June 15, 2011
Ecclesiastes 7:1-29
V 21Do not take heart all the things that people say,lest you hear your servant cursing you.
V 22 Your heart knows that many times you have yourself cursed others.
Oh this is a hard one…do not take heart, meaning that we should NOT listen or care about the words people say about us. For me this is a hard one, I’m someone who likes to do my own thing but I’m also someone whose heart is just out there. I like to say I’m emotional because that just sounds better than saying I’m a sap, but either way the words of others can sometimes leave a lasting effect on me. However, the question that I think is important is would I change what I’m doing in order to avoid hearing those things.
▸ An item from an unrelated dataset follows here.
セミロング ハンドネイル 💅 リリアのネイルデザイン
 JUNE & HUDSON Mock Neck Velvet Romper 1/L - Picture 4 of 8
In other words, do I allow the thoughts and words of others to control me? To be honest there was a time in my life when the answer to this would have been a big “YES.” However, through some major work of the Holy Spirit I can say that I’m much better; not to say I would never be influenced because I certainly could be. I found verse 22 to be the most interesting however. I mean do we really acknowledge to ourselves in times of hurt that perhaps we had hurt others in our lives, so get over it. I doubt it. Mostly when we are dealing with our own hurts we fail to think of anything else but our hurts. Yet, there are no doubts that at some time in my life I have wounded someone with my words. How terrible that is to think about and admit as I sit here. May God remind me of it when I find myself wounded by the words of others.